When Max gets out he finds that Joe is not content to merely have risen to the top of the familial hierarchy. Instead, Joe instructs Pietro to beat the tar out of Max and then toss him off the second story of the family’s home. But Pietro recoils at the last minute and attempts instead to murder Joe. Max thwarts this from happening.
House of Strangers is a family melodrama about the immigrant experience gone bad. It struggles to convey its message: that a strong-willed patriarch can ruin his sons' futures. Yet, quite the opposite is true. Gino is not a Mafia chieftain but a benevolent, if slightly misguided patriarch who has always had his family’s best interests at heart.
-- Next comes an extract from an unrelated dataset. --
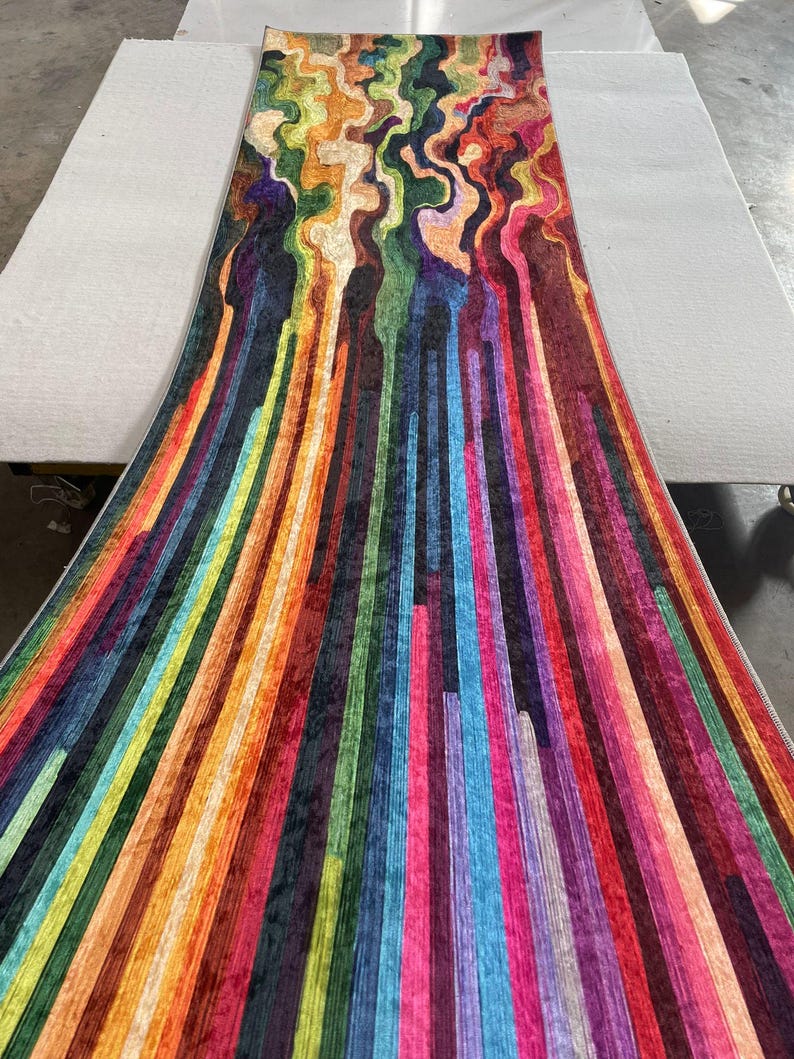 Colorful Abstract Paint Pour Printed Runner Rug: Modern Rainbow Drip Carpet, Machine-Washable Non-Slip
He is deposed not by his own misgivings or even wrong doings, but by the greed and avarice of his motley brood (except for Max, who never wanes in his affections for his father).
There is also something quite unsettling about the character of Irene who starts off as the story's resident trollop, then inexplicably transforms herself into a loyal and loving companion for Max after he gets out of prison. Overall, House of Strangers is not a great film – but it is definitely worth a second glance on DVD.
Regrettably, the B&W image is softly focused and suffers from a generally thick characteristic. Blacks are dull and muted gray. Whites are generally not very clean or bright. There’s a considerable amount of dirt, scratches and some very obtrusive film grain present, as well as minor edge enhancement and shimmering of fine details. Overall, not a very competent effort. The audio has been re-channeled to stereo; a wasted effort. Extras include an informative audio commentary, stills gallery and theatrical trailer.